Image-text web data:
________________________________________
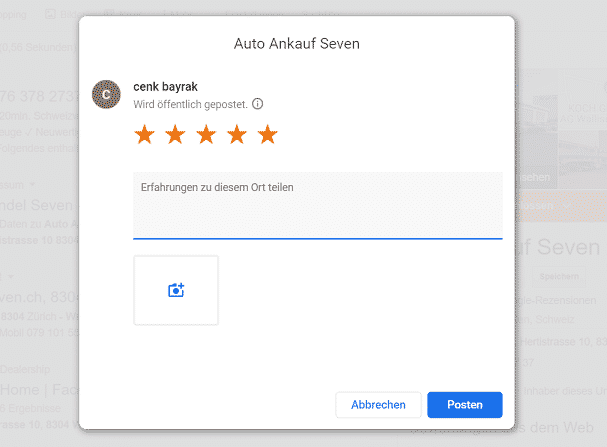 Google bewertungen Schreiben Auto-Ankauf-Seven.ch Online 2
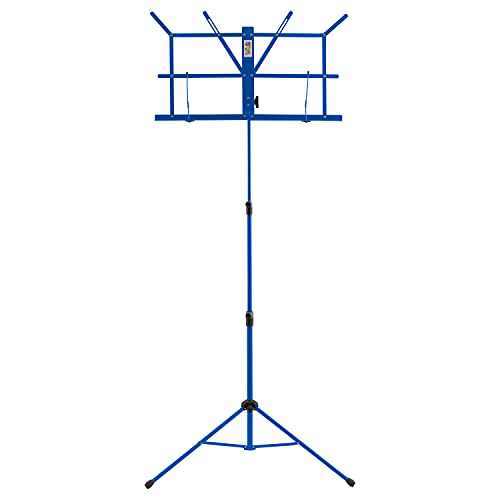Finitura blu resistente Mad About MS07 - Leggio pieghevole per spartiti, portatile, facile da piegare, colore: blu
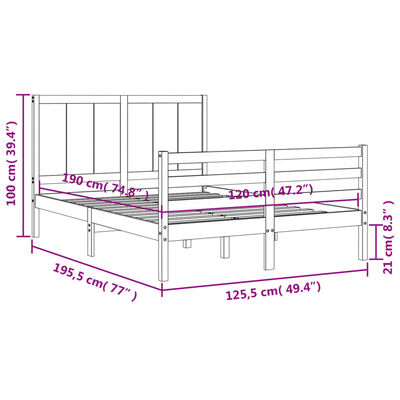 vidaXL Giroletto senza Materasso Ambra Small Double in Legno Massello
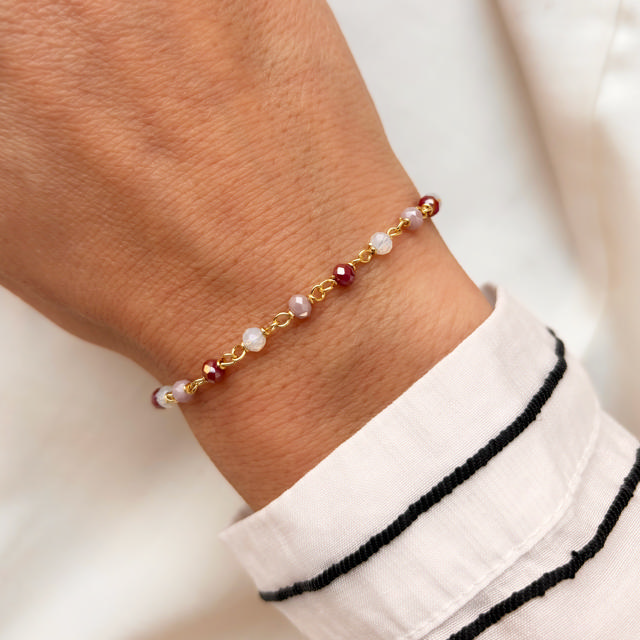 Armbånd lilla+rosa krystaller sølv fg. 17+2 cm
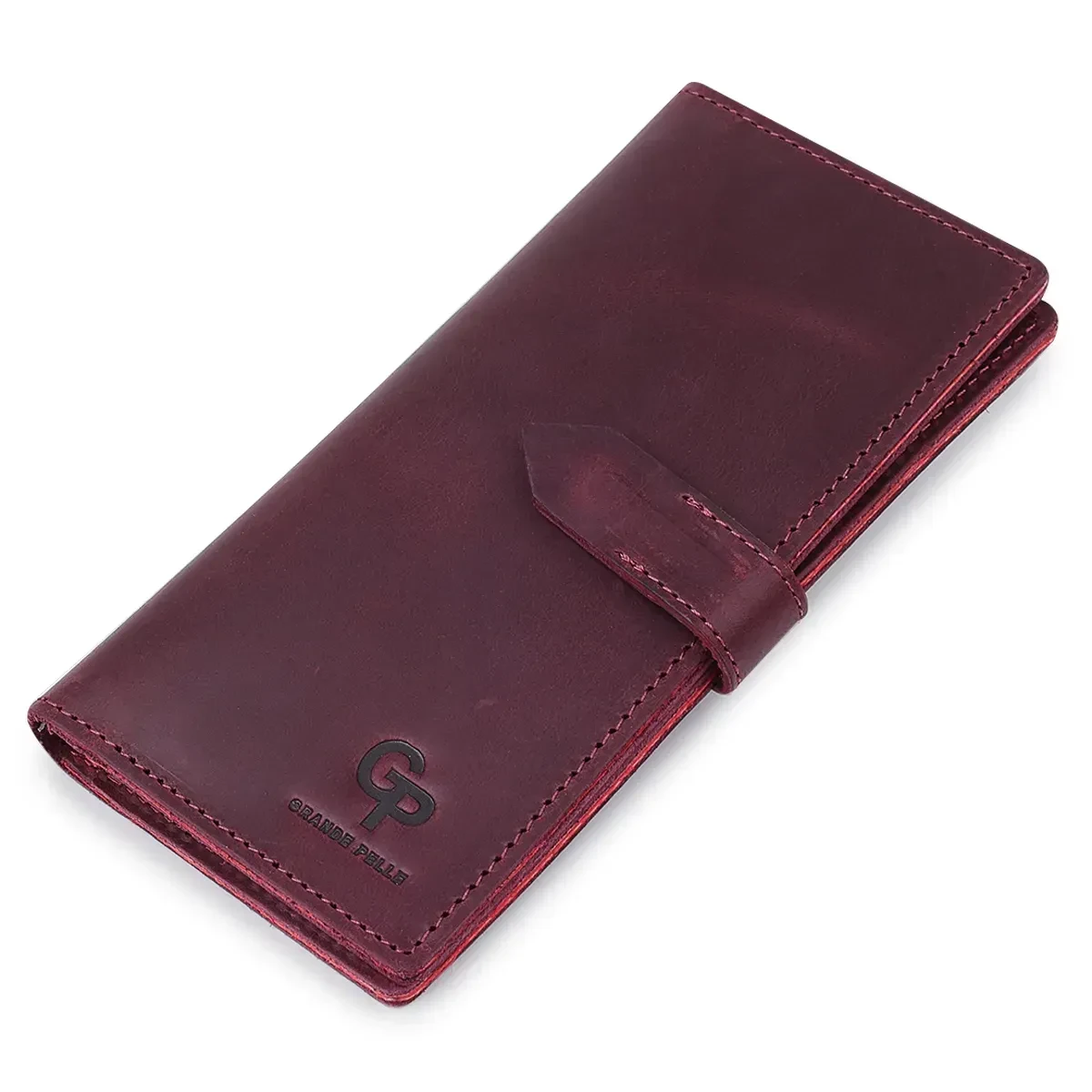 Портмоне женское кожаное Grande Pelle 11561 матовое Бордовый (31191372)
________________________________________
- EXERCISE BRIEF -
Could you reproduce the data above exactly, without its pictures?

- FINISHED EXERCISE -
 Google bewertungen Schreiben Auto-Ankauf-Seven.ch Online 2
Finitura blu resistente Mad About MS07 - Leggio pieghevole per spartiti, portatile, facile da piegare, colore: blu
 vidaXL Giroletto senza Materasso Ambra Small Double in Legno Massello
 Armbånd lilla+rosa krystaller sølv fg. 17+2 cm
 Портмоне женское кожаное Grande Pelle 11561 матовое Бордовый (31191372)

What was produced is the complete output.